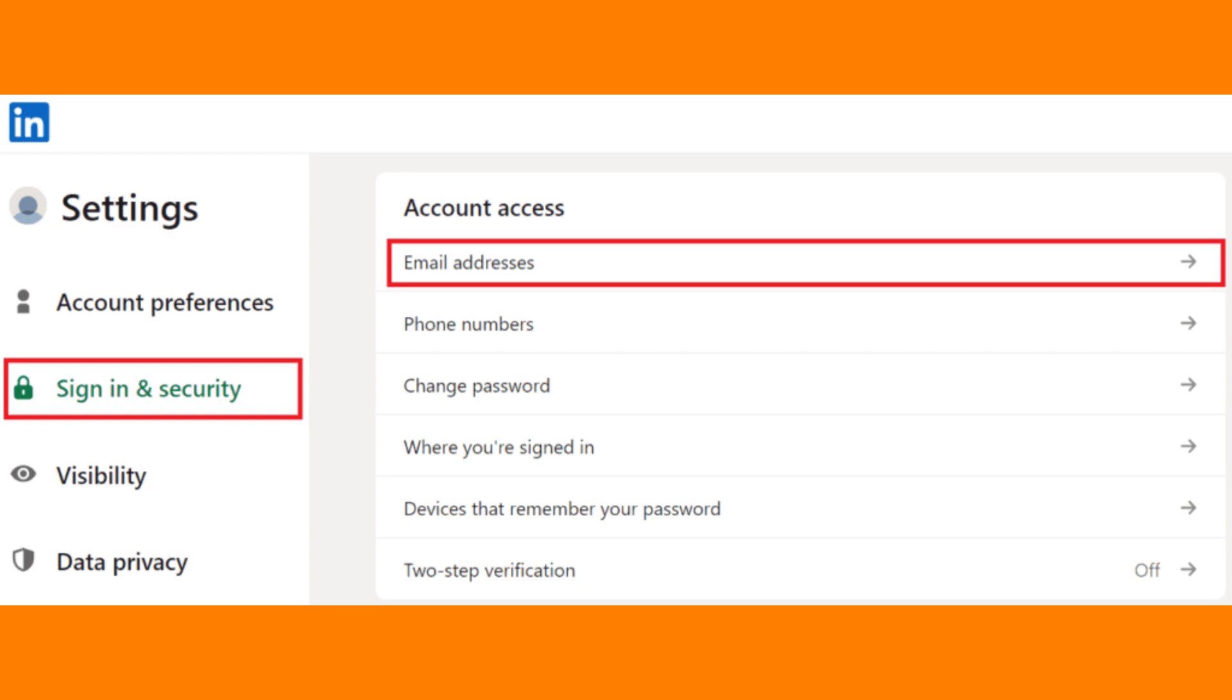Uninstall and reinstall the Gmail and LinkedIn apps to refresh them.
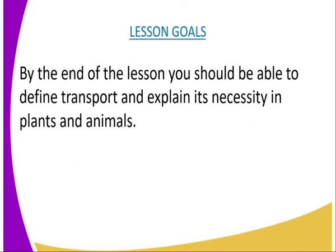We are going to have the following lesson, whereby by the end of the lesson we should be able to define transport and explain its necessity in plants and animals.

--------------------

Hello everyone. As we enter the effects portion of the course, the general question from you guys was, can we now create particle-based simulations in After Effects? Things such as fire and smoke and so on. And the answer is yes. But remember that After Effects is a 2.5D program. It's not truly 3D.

--------------------

**Directions**
Leaving out all pictures, set down exactly the lines of the material above, from the line with "Uninstall and reinstall" to the line with "We are going" inclusive, and no others.

**Exercise answer**
Uninstall and reinstall the Gmail and LinkedIn apps to refresh them.
We are going to have the following lesson, whereby by the end of the lesson we should be able to define transport and explain its necessity in plants and animals.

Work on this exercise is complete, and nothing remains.